Convergence Protocol is an open-source strategy that combines four analytical modules — structural trend, volatility regime, delta pressure, and liquidity/structure break detection — into a multi-pathway entry and exit system. The strategy generates trade signals through five independent entry mechanisms, each requiring alignment between different analytical dimensions, and manages positions with ATR-based stops, dual take-profit levels, and an optional trailing stop that activates after the first target is reached.

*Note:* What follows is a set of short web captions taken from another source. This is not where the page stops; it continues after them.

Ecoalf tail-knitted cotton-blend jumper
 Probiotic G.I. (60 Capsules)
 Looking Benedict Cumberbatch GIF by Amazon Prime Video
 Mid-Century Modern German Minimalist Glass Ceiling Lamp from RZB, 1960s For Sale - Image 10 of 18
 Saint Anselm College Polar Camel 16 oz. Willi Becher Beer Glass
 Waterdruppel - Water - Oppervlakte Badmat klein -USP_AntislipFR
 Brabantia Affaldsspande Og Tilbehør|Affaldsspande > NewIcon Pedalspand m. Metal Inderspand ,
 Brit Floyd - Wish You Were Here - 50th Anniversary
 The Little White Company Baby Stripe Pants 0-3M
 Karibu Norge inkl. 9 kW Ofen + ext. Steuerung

The design rationale for combining these four modules is that each answers a different question about the market. Structure and trend analysis answers: what direction is the market likely to move? Volatility regime answers: does the market have the energy to sustain a directional move? Delta pressure answers: is volume supporting the proposed direction? Liquidity and structure break detection answers: has the market made a meaningful structural commitment that confirms directional intent? No single module alone provides a robust enough basis for a trade. Convergence across multiple modules provides a higher-quality signal set that reduces the frequency of marginal trades while maintaining enough opportunities to be practical.

snapshot

Strategy Properties and Backtesting Settings

Default settings used for publication:
  • Initial Capital: Default TradingView account size
  • Position Size: 5% of equity per trade
  • Commission: 0.04% per side (realistic for most crypto and equity platforms)
  • Slippage: 1 tick
  • Risk Per Trade: 5% of equity maximum (within sustainable limits)
  • Stop Loss: 1.5x ATR from entry
  • TP1: 1.2x risk (50% of position closed)
  • TP2: 2.5x risk (remaining position)
  • Trailing Stop: 1.0x ATR trailing offset, activates after TP1 hit


Backtesting results will vary significantly by instrument and timeframe. This strategy is intended to be evaluated across multiple instruments and market conditions before drawing conclusions. A single backtest run does not constitute evidence of future performance.

Core Modules

Module 1: Structural Trend Engine

The baseline uses a double-smoothed moving average (SMEMA). Swing highs and lows are tracked to classify market structure as bullish (HH+HL), bearish (LH+LL), or neutral. A 0-7 confluence score is assembled from: regime direction, structural alignment, volatility expansion, absence of squeeze, delta pressure, structure break confirmation, and liquidity sweep confirmation. Each module contributes a binary point to the score.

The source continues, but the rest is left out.